→ **Description of the task**: Since only the written part is wanted, repeat the records exactly and omit the pictures.

→ **Data shown**:
■ ■ ■ ■ ■ ■ ■
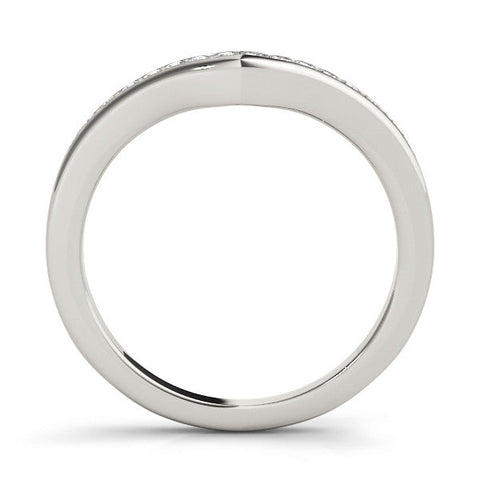 Platinum Pavé Round Diamond Curved Band with Channel Setting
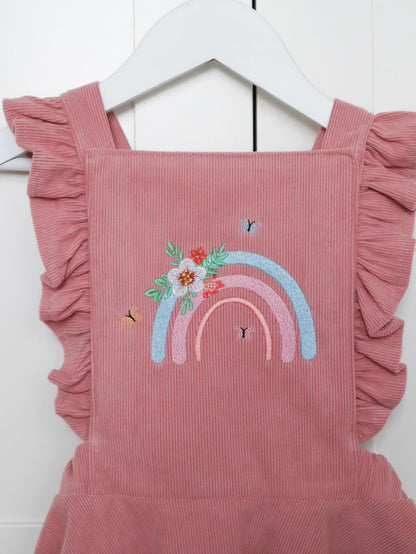 Boho rainbow themed embroidered ribbed bow dress for girls 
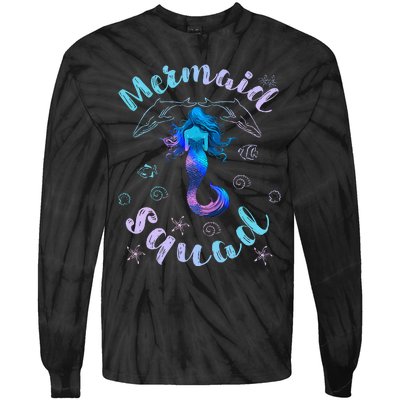 Mermaid Birthday Squad Party Matching Girls Kids Tie-Dye Long Sleeve Shirt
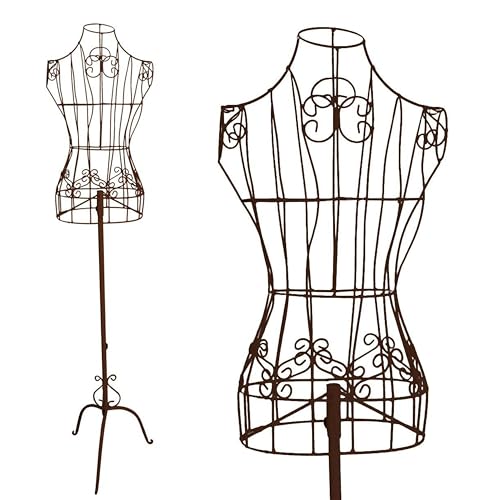 PrimoLiving Metall Schneiderpuppe Ana in Antik-Braun - höhenverstellbare Vintage Kleiderpuppe - ideal als weibliche Schaufensterpuppe oder Kleiderständer - P-12437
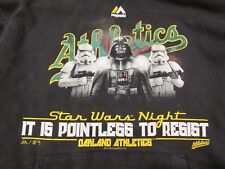 RARE Vintage Oakland A's Athletics STAR WARS Night Hoodie It is Futile to Resist picture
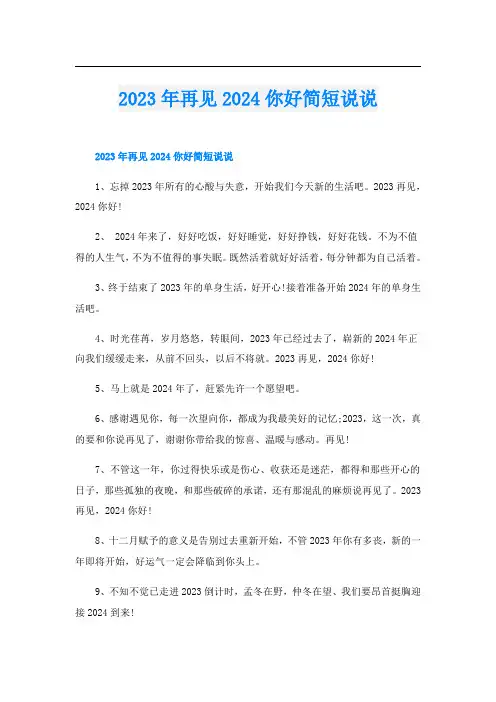 2023年再见2024你好简短说说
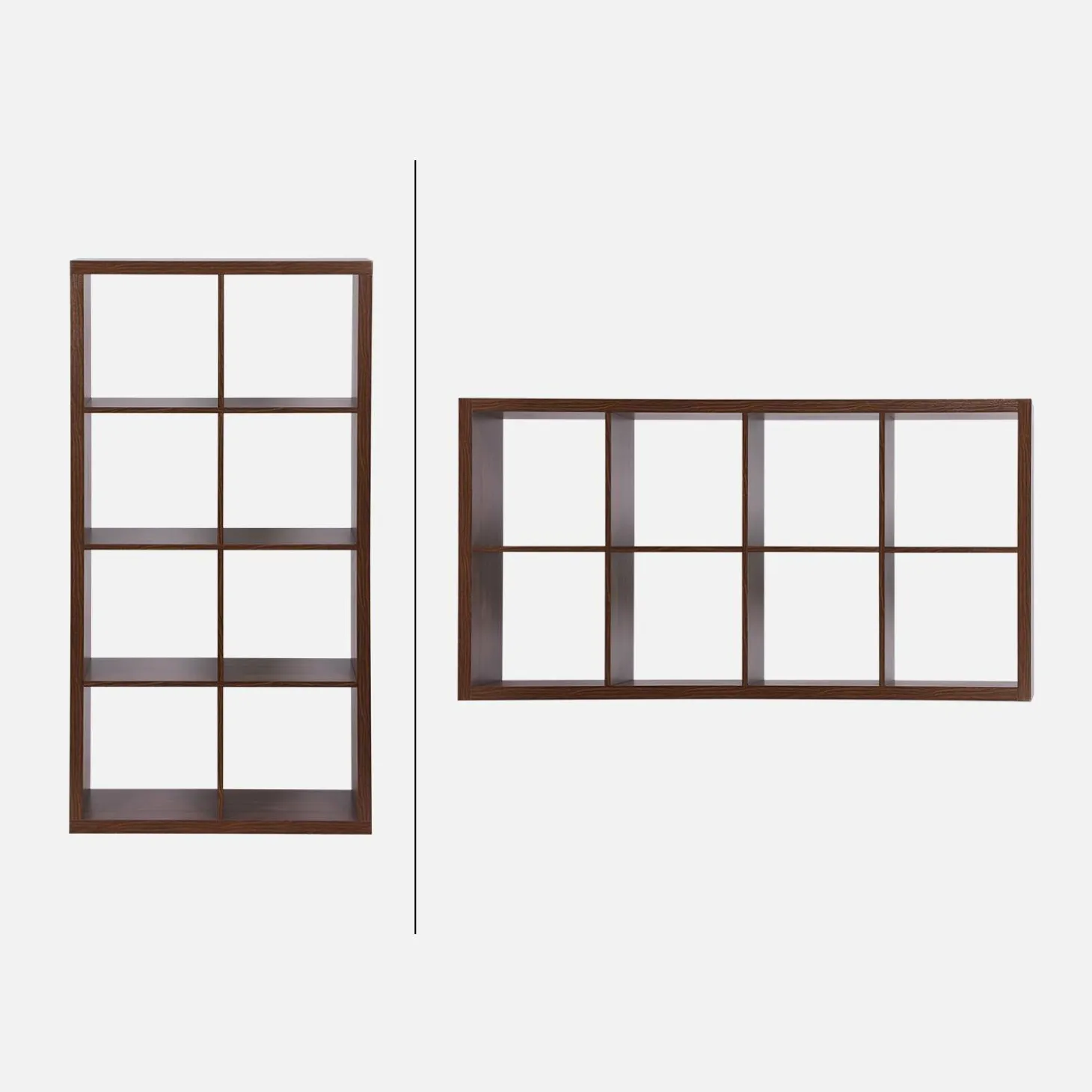 Bücherregal Holzoptik 4 Ebenen 8 Stauräume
■ ■ ■ ■ ■ ■ ■
→ **Task output**:
 Platinum Pavé Round Diamond Curved Band with Channel Setting
 Boho rainbow themed embroidered ribbed bow dress for girls 
 Mermaid Birthday Squad Party Matching Girls Kids Tie-Dye Long Sleeve Shirt
 PrimoLiving Metall Schneiderpuppe Ana in Antik-Braun - höhenverstellbare Vintage Kleiderpuppe - ideal als weibliche Schaufensterpuppe oder Kleiderständer - P-12437
 RARE Vintage Oakland A's Athletics STAR WARS Night Hoodie It is Futile to Resist picture
 2023年再见2024你好简短说说
 Bücherregal Holzoptik 4 Ebenen 8 Stauräume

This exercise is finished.